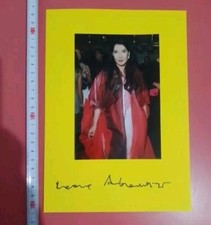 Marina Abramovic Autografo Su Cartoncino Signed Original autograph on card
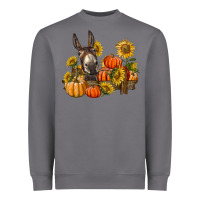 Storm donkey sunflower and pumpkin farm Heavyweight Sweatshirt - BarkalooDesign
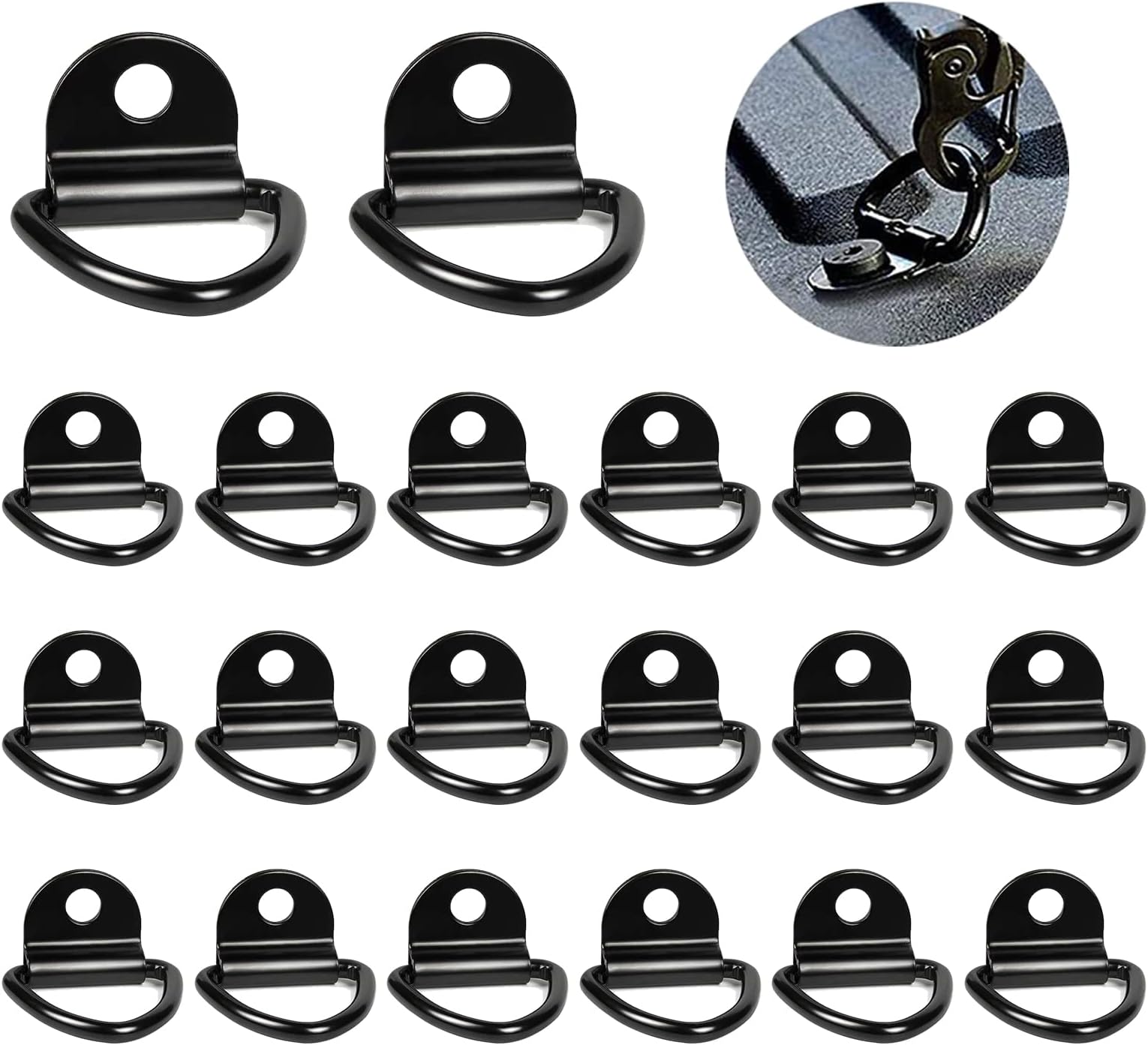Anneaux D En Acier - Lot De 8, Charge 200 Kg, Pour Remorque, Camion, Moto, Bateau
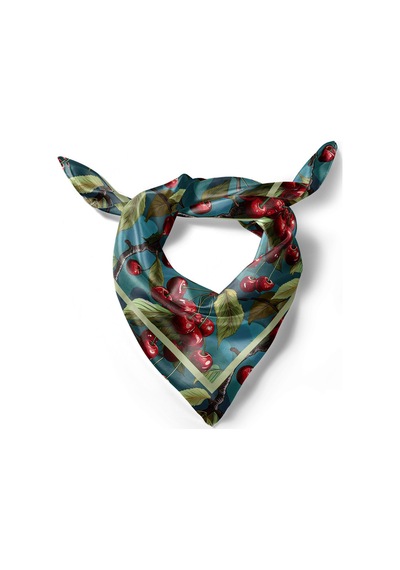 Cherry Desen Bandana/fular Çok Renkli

* Work to complete *
Write out every line of the listing exactly as written, and leave the pictures out.

* Response area *
 Marina Abramovic Autografo Su Cartoncino Signed Original autograph on card
 Storm donkey sunflower and pumpkin farm Heavyweight Sweatshirt - BarkalooDesign
Anneaux D En Acier - Lot De 8, Charge 200 Kg, Pour Remorque, Camion, Moto, Bateau
 Cherry Desen Bandana/fular Çok Renkli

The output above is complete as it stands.